The racial emphasis has shifted dramatically, but the marketplace remains resolutely profit-driven. Today's major record companies continue to push Billie Holiday as a black tragic heroine, saturating their catalogues with lavishly (and pricey) reissues while admirers of Mildred Bailey and Connie Boswell -- both white, both widely regarded in their time as Holiday's easy peers -- must meanwhile look hard to find single CD's of their work. Fortunately hundreds, even thousands, of records exist as evidence that white jazzmen of the pre-World War II years were as good and as important as their champions insist. Numerous reissue programs, mostly undertaken by small European labels, have made the music of white soloists and bands widely and readily available to the dedicated collector.

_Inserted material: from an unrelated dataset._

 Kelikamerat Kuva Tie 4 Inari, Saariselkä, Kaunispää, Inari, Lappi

It's possible for anyone seeking the whole picture to experience the musicianship of pioneer groups like The New Orleans Rhythm Kings and Original Memphis Five; the bardic reveries of Beiderbecke, Teagarden's eloquence, Rollini's grace, Red Norvo's subtlety and the gloriously surrealistic imagination of Pee Wee Russell.

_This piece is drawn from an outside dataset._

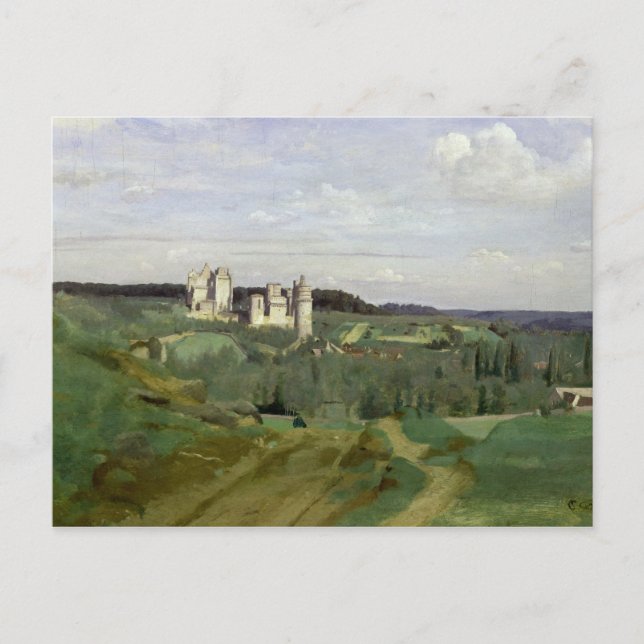 Carte Postale Vue du château de Pierrefonds, vers 1840-45 (Devant)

The great black musicians remain a dominant presence, helping to shape the work of their white colleagues as surely as white traditions, attitudes and musicianship helped shape theirs. Any attempt to look at the totality without regard to Armstrong, Ellington, Hawkins, Lester Young, Henry Allen and other pivotal figures is folly. Their primacy, and the reverence in which they are held, is the foundation on which the entire edifice rests.
But we must also hear Bud Freeman as an independent and eloquent tenor sax stylist; Dave Tough as, in Lionel Hampton's words, "the most imaginative drummer we ever had in the business"; Bob Crosby's orchestra not as a Dixieland variant on the swing formula of the 1930's but as a highly motivated ensemble packed with vivid soloists, united by a rare communality of musical thought.
There is no point in replacing one exclusionist canon with another; differences still exist, as the singularity of Bill Evans, Lee Konitz, Gary Burton and others attests. But now, as more than a half-century ago, it is only by peering through both lenses of the stereopticon that a viewer can win the depth perception essential to appreciating the three-dimensionality of a scene. Either lens, used by itself, grants only a two-dimensional effect, flat and lifeless.
As for historical revisionism, it is well to heed Barbara Tuchman's 1971 address to a National Archives conference. To truly understand the past, she said, we must resist the comforts of retrospective judgment. "I try not to refer to anything not known at the time," she said. "To understand the choices open to people of another time, one must limit oneself to what they knew: see that past in its own clothes, as it were, not in ours."
Just so. If jazz with all its traditions is to survive as a creative entity, and someday even flourish again, there must be a coming together, a rejection of fragmentation, a revival of real pluralism and shared curiosity. A return, in brief, to what one writer lauded recently (and with a deliberate nod to the Rev. Dr. Martin Luther King Jr.) as "a safe haven from the storms of ideology, a meritocracy of comrades in which . . . players are judged not by the color of their skin but the content of their choruses."